IS THERE MORE PRESSURE IN THE WORLD OF MEN’S FOOTBALL?
When I see harsh criticism towards players, I think we, the fans, can forget that first and foremost they are people. Comments hurt. There is huge pressure when you represent a country or a team that means a lot to fans. There are people who barely make ends meet but still spend their hard-earned money to see their team. To them, winning is what fills them with joy. That can isolate players because they lead such different lives to most people – which isn’t the
case with women’s football. While growth is great, I hope it doesn’t create a bubble, isolating us and losing the game’s current values of humbleness, sacrifice and dedication forged by players of previous generations.
OVER YOUR CAREER HOW HAVE YOUR THOUGHTS ABOUT THE WORLD OF FOOTBALL EVOLVED?
Professionalisation brings upcoming generations more opportunities to play football and study, without worrying about working. Women’s football is now on the lips of many people. We have to make sure this isn’t a trend but here to stay.
ARE WE ARE LIVING THROUGH A CRUCIAL MOMENT IN THE WOMEN’S GAME?
We are in a historic moment because of the impact that women’s football is having worldwide and how it’s growing in Spain. The signing of the collective agreement now means all the first and second division players are eligible [for a minimum annual salary]. It’s a positive sign that women’s football is here to stay and that must be encouraged: to give people the option to see it, to follow it. That gives us, as players, a much bigger responsibility. It is up to us to set an example for children to follow; we have to show that we respect the rules, that we respect those around us, that we are humble, close, and real. This is what can differentiate us from other athletes who promote another, more negative image of football.
HOW DO YOU IMAGINE FOOTBALL TEN YEARS FROM NOW IN 2030?
I imagine women’s football to be part of the mainstream. The sport has a great educational value and I would like the values of fair play, sportsmanship and equality to be promoted through the sport more and moved on towards society.
Through football we have the ability to mobilise countries, to mobilise people. There is no event like a World Cup that can reach so many people in one day, in 90 minutes. We have to take advantage of that power to improve society.
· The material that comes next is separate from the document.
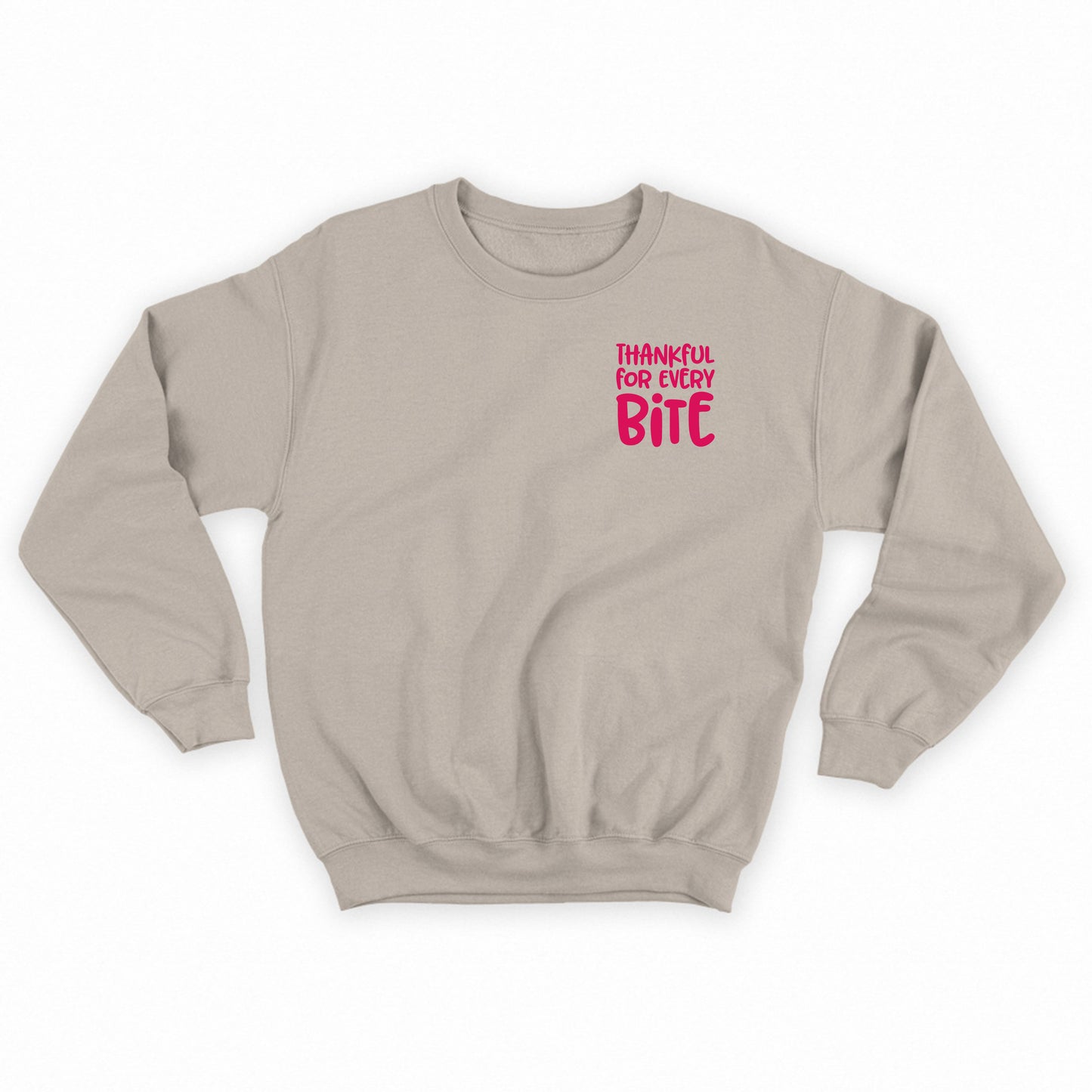 Thankful for Every Bite Dark Pink Sweatshirt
HOW DO YOU IMAGINE THE 2030 WORLD CUP?
A joint women’s and men’s World Cup together would be amazing. For example, the men’s team playing at the Bernabéu one day and the female team at the Wanda Metropolitano the next; both events having the same passion and intensity.
WHY DID YOU JOIN COMMON GOAL?
From the beginning I loved the initiative. I think it’s so valuable. Seeing players continually joining, and especially my teammates from Atleti and the national team, I have been wanting to join for some time. I spoke with Olga [García] and reached out. As soon as I understood the vision of the movement and its objectives, I didn’t hesitate for a second to get involved.
WHICH CAUSES ARE IMPORTANT TO YOU?
I love the idea of opening paths to others through football. Helping women in certain countries, where they may not have the same opportunities and, through football, offer a new path to a better life. I lived through having to follow male references and looking for women, because there were no visible female role models in football. I think the project I’m supporting [Goal 5 Accelerator] is a way of allowing girls to see that it doesn’t matter if you are male or female, that there is a way and if you fight and train hard you can make it, regardless of your gender.